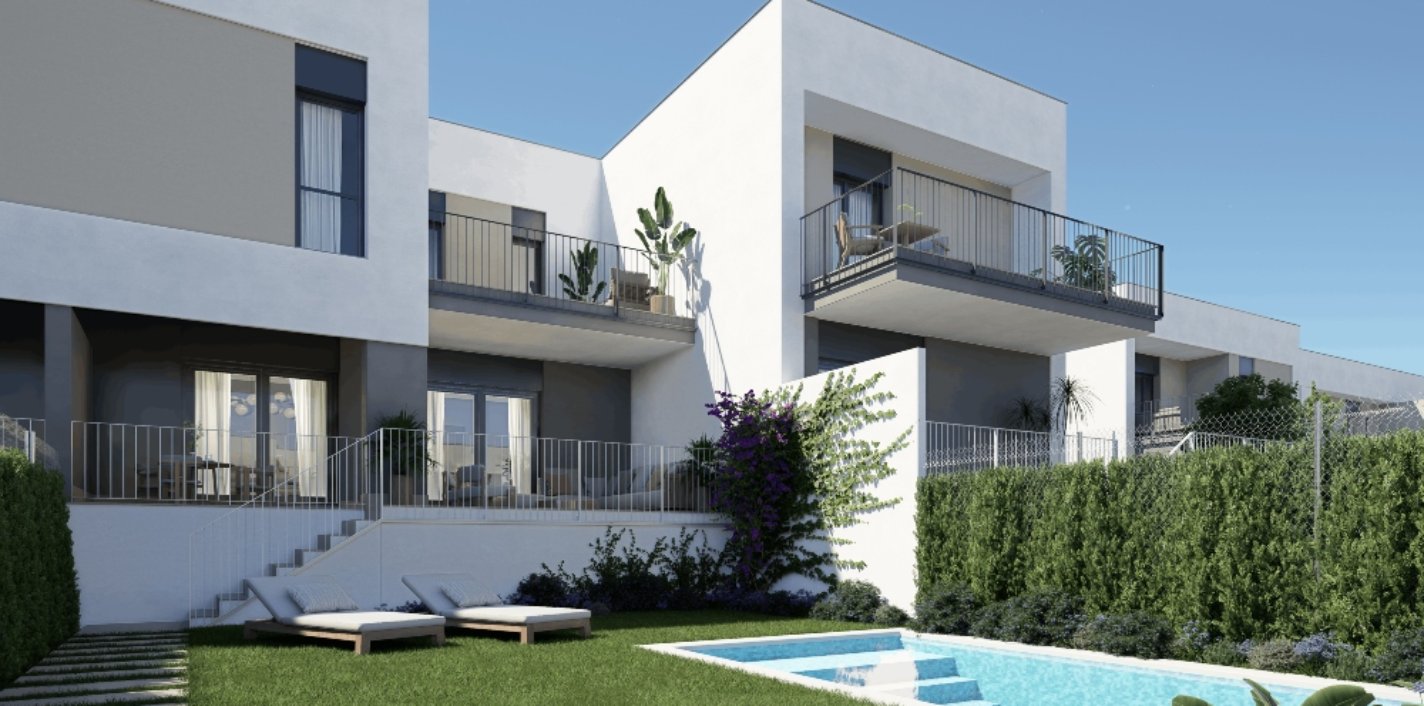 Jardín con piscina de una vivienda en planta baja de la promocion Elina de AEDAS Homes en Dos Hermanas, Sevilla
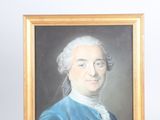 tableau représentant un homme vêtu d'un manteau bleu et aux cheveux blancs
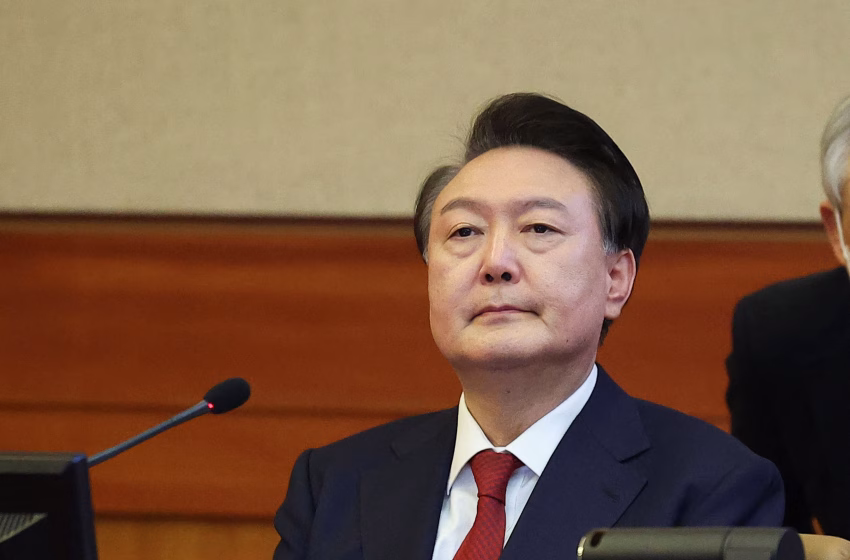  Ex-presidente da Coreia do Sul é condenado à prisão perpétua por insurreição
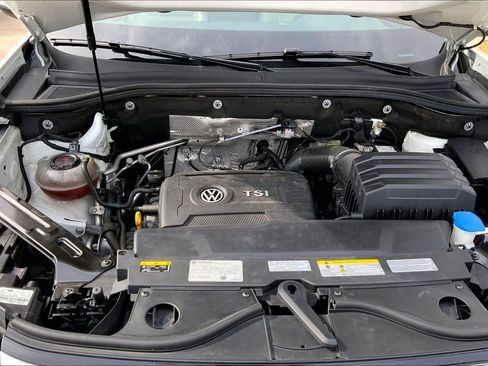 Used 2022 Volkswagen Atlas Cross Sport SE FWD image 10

▸ WORK ITEM: Down to the last line, reproduce the material above exactly; skip its images.

▸ SOLUTION TO THIS EXERCISE:
 Jardín con piscina de una vivienda en planta baja de la promocion Elina de AEDAS Homes en Dos Hermanas, Sevilla
 tableau représentant un homme vêtu d'un manteau bleu et aux cheveux blancs
  Ex-presidente da Coreia do Sul é condenado à prisão perpétua por insurreição
 Used 2022 Volkswagen Atlas Cross Sport SE FWD image 10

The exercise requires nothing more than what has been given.